Na minha visão, este filme trata de forma muito elegante sobre o adultério e suas consequências na vida do homem (representado na imagem da aranha, evidente em uma cena na metade do longa onde uma mulher nua desfila por um corredor com a face de uma viúva negra). Ao mesmo tempo em que Adam é um professor pacato, Anthony é um homem extremamente ativo.

Na cena inicial, vemos um homem em um show erótico. Para mim, esta cena é justamente onde reside a chave para o filme. Aqui, as diferentes personalidades deste homem (divididas entre Adam e Anthony) parecem se unir em busca de um objetivo comum. Minha teoria é de que o protagonista sofre de transtorno dissociativo de identidade. Simplificando, ele vive duas vidas paralelas. Por isto, ao mesmo tempo em que ele está com uma linda mulher (Mary, interpretada por Mélanie Laurent), sua esposa grávida (Helen, interpretada por Sarah Gadon) dorme sozinha em uma das cenas iniciais.

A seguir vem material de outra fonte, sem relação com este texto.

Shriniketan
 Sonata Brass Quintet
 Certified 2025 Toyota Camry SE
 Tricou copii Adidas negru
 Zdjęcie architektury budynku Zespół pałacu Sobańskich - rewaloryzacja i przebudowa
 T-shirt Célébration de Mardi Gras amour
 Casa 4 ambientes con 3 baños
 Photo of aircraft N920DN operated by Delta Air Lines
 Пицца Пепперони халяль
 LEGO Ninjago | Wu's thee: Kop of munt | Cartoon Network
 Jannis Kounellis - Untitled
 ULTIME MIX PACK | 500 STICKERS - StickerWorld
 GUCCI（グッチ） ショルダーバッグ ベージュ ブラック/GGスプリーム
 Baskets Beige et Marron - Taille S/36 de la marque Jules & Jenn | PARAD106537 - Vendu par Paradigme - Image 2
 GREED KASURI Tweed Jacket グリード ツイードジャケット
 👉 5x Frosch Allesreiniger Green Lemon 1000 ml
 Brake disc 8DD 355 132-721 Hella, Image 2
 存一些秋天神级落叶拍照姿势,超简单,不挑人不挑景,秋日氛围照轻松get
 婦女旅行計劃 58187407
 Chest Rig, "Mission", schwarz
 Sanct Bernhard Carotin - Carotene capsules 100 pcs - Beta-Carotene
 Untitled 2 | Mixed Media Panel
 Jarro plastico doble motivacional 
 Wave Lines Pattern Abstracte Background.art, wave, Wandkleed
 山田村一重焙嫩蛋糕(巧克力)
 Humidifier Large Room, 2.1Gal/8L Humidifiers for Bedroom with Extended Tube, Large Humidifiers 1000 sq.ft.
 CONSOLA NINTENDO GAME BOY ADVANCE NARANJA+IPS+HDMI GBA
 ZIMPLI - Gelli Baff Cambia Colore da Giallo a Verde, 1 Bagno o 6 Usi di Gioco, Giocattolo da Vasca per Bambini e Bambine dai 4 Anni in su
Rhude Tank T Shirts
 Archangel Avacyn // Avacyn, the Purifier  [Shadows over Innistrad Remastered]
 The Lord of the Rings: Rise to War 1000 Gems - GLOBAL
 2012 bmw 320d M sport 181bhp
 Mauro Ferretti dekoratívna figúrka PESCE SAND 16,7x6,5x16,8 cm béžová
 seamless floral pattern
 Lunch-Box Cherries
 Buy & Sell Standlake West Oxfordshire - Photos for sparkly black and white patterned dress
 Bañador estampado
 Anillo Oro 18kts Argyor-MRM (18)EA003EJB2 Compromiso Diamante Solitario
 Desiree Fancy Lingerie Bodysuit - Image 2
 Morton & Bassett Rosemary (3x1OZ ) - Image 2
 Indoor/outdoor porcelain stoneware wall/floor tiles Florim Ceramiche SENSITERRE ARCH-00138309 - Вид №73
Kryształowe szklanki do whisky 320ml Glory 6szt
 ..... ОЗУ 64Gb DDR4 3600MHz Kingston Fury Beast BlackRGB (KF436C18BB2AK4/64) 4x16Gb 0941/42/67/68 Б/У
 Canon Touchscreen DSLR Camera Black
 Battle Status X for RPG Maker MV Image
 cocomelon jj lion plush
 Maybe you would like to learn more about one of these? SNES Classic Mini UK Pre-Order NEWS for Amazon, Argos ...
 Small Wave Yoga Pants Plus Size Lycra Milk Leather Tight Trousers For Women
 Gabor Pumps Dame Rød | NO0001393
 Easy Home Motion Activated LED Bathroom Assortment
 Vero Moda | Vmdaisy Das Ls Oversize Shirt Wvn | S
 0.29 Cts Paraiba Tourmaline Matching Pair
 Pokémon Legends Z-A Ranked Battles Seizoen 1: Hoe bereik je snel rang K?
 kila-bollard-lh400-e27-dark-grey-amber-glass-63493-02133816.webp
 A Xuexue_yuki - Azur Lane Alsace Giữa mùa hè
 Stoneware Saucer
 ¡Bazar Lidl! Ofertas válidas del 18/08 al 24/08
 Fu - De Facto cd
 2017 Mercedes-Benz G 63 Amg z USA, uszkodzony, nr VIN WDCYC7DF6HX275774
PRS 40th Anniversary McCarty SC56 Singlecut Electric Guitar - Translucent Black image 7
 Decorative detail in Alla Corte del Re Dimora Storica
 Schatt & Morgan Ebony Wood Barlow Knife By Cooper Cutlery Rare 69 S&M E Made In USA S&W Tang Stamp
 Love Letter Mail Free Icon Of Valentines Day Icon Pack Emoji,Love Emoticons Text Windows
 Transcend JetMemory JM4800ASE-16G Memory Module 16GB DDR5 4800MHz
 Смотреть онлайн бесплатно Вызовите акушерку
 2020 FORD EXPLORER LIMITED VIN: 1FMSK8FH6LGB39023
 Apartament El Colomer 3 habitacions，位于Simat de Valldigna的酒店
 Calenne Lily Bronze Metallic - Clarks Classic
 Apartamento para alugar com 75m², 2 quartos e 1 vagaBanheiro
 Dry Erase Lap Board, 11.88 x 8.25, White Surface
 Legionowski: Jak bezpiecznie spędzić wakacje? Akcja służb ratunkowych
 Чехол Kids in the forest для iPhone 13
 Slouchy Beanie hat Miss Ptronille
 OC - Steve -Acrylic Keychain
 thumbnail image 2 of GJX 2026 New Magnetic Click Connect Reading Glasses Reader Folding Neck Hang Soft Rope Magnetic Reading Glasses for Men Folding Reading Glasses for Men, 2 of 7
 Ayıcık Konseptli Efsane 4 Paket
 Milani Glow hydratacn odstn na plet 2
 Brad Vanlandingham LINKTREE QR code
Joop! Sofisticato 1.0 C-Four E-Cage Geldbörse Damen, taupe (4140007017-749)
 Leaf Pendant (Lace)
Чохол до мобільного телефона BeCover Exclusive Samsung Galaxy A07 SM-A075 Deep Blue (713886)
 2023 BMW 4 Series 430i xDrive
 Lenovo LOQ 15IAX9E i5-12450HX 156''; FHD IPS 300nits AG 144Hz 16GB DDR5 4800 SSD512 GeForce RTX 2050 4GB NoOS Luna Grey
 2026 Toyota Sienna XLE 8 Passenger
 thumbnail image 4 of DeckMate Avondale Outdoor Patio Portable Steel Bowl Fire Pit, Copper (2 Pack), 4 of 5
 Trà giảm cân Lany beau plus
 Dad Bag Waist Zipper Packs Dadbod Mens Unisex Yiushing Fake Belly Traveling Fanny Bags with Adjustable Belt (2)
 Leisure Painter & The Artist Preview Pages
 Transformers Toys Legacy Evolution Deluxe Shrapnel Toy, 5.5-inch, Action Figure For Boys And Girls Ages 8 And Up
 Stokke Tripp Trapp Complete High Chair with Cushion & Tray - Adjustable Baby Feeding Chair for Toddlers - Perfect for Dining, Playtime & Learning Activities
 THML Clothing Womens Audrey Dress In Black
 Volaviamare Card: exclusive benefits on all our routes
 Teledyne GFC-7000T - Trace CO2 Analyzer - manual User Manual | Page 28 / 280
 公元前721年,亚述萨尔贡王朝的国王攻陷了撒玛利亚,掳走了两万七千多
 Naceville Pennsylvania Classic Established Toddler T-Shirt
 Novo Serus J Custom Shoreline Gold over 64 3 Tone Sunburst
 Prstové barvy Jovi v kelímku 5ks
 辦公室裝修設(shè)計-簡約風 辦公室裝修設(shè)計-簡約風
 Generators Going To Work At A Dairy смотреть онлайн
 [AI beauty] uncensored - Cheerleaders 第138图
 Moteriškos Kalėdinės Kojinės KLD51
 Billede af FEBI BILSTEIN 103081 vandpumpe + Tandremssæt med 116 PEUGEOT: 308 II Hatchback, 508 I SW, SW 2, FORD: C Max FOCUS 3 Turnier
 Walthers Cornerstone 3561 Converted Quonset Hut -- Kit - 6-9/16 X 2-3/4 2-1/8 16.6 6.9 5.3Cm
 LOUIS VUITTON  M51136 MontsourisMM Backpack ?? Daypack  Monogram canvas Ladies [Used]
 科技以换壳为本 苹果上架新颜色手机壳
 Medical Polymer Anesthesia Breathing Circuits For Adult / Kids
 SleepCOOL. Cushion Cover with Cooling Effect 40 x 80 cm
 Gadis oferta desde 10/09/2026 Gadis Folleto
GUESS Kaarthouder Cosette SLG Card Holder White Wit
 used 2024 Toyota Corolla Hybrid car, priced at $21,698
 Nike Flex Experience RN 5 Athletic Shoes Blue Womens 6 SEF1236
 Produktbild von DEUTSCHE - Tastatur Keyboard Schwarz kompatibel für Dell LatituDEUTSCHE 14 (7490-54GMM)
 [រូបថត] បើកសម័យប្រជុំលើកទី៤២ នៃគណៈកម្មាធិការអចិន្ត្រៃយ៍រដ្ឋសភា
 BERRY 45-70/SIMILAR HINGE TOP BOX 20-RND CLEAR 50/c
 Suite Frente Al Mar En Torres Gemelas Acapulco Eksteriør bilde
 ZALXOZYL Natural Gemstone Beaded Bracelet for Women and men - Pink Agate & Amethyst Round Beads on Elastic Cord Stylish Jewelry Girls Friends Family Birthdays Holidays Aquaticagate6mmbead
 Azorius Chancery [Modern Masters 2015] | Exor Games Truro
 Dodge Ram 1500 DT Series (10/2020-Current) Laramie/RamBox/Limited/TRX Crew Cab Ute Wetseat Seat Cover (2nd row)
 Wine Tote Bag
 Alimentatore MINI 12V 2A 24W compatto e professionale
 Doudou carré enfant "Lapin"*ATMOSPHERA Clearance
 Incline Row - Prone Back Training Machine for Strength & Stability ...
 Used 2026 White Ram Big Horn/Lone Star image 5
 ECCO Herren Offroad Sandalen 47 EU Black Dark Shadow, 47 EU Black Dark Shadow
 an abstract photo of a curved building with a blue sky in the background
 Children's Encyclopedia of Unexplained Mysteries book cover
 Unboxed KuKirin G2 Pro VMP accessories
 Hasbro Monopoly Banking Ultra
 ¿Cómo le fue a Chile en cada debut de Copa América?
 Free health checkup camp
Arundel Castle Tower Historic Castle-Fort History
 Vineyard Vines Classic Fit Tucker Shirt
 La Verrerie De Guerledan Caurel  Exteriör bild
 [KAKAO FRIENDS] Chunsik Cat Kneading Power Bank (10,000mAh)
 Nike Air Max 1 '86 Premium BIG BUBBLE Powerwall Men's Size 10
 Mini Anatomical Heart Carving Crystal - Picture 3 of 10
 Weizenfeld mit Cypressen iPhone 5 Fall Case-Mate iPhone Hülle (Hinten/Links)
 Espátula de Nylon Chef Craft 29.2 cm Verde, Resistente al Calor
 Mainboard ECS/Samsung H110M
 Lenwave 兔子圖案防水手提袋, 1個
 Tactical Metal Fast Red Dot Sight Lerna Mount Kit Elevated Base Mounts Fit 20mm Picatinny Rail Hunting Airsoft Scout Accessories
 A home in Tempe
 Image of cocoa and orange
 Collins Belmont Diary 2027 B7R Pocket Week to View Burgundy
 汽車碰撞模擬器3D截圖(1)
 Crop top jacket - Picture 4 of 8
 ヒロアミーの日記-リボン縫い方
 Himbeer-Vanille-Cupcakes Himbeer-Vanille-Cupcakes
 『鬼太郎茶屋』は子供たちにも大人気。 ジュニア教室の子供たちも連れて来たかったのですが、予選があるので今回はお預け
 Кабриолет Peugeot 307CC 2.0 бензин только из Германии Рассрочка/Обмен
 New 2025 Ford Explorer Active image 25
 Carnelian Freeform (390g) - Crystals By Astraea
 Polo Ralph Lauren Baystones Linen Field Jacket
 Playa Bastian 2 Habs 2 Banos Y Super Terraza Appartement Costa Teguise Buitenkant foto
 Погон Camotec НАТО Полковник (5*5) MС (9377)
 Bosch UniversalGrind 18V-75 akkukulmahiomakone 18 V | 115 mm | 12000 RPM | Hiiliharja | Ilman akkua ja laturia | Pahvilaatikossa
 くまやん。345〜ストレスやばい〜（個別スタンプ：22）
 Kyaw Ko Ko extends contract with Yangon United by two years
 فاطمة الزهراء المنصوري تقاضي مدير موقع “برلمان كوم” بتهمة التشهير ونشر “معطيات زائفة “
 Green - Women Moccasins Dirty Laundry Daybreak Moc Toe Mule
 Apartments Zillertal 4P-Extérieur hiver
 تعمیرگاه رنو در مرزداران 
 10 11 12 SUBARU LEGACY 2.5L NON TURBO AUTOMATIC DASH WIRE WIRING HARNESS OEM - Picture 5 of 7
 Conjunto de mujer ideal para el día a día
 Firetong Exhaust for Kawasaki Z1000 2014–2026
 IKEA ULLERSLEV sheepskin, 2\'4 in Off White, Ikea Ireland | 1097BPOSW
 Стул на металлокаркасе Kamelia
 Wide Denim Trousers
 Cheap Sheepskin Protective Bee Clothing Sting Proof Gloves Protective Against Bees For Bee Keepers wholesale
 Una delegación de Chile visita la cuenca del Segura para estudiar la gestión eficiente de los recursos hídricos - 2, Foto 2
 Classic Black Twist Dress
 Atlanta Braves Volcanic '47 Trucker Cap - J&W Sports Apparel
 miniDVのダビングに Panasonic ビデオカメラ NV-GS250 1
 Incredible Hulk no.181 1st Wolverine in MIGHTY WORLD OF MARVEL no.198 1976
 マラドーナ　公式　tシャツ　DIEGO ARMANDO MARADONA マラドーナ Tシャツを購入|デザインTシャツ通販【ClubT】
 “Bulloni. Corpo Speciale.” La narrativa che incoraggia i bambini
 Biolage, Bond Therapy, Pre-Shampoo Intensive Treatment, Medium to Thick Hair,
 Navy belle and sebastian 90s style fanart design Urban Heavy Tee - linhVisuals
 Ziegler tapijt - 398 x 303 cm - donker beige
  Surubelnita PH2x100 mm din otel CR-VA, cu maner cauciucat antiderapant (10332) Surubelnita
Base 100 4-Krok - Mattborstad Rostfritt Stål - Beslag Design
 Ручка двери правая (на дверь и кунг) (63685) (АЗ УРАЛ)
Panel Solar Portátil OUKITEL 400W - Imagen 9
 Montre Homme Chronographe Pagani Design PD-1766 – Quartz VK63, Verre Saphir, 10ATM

Quando o pacato professor Adam “descobre” sua outra personalidade após se ver em um filme, ele desperta seu lado altamente alfa e tenta fazer sexo forçado com sua bela namorada, o que causa espantosa surpresa nela, já que não esperava esta atitude. O encontro dos dois homens pode ser visto em algumas cenas. Mas o que mais chama a atenção é ver Anthony ser confrontado por sua mulher. Ela não acredita que ele esteja planejando um encontro com seu “clone” e joga: “você está vendo ela de novo?”. Na minha visão, “ela” seria uma referência direta a Mary. A grávida já devia ter descoberto algo relacionado.

Helen, enfim, descobre sobre o transtorno de personalidade de seu marido quando o encontra prestes a dar aula na Universidade. Ao relatar para Anthony sua história, ela diz “é claro que você sabe do que eu estou falando”.

A troca de roupas entre os dois é um mero símbolo da confusão mental do rapaz (provada também pelas insistentes tomadas nos céus cinzas de Toronto). Ele tenta fazer com que Mary aceite Anthony para que, enfim, Helen aceite sua realidade. Ao fazer sexo com Mary, fica claro que a jovem se desespera ao ver a aliança na mão do rapaz. Afinal, ela foi a envolvida na história. Na cena a seguir, o acidente, na minha visão, é utilizado como recurso para indicar a quebra daquela relação, vista na teia de aranha apresentada no vidro trincado.

E se no começo a aranha que despertava o interesse erótico por este homem era pequena (aparentemente poderia ser controlada e esmagada a qualquer horário), na cena final isto ganha outro rumo. Primeiro o protagonista retira uma chave do envelope “confidencial”. Era a chave para abrir a mesma porta dos prazeres da primeira cena. Como um homem havia explicado no elevador, as fechaduras foram trocadas e as novas chaves seriam enviadas pelo correio. Parecia que nosso protagonista agora sim iria dar um rumo a sua vida. Ao olhar para a chave, ele se lembra dos prazeres passados e pergunta a sua mulher se ela tem planos  para a noite, já que ele teria que sair (e utilizar a chave). É então que Helen se transforma em uma gigantesca aranha. A imagem de uma regressão e uma lembrança do que poderia acontecer caso optasse por aquele caminho.

Conclusão: a análise linear e factual do filme é impossível. Não interessa qual tese você opte, sempre haverá um item para discussão. No entanto, caso se aceite a tesa da aranha e do adultério, o ponto é: como um homem pode esconder de sua mulher uma profissão acadêmica? Respondo sugerindo ao leitor o filme The Three Faces of Eve. Sim, o transtorno dissociativo de identidade pode levar uma pessoa a realizar tal ato. Por isto Adam corrige suas tarefas longe de casa, na paz de sua outra mulher.

Um excelente filme! Indicado para gerar ótimas discussões na roda de amigos. Villeneuve e Jake Gyllenhaal conseguiram manter a produção em um nível muito alto para o apertado orçamento deste longa. Espero que esta parceria, que também nos deu o ótimo Prisoners (2013), tenha novos capítulos.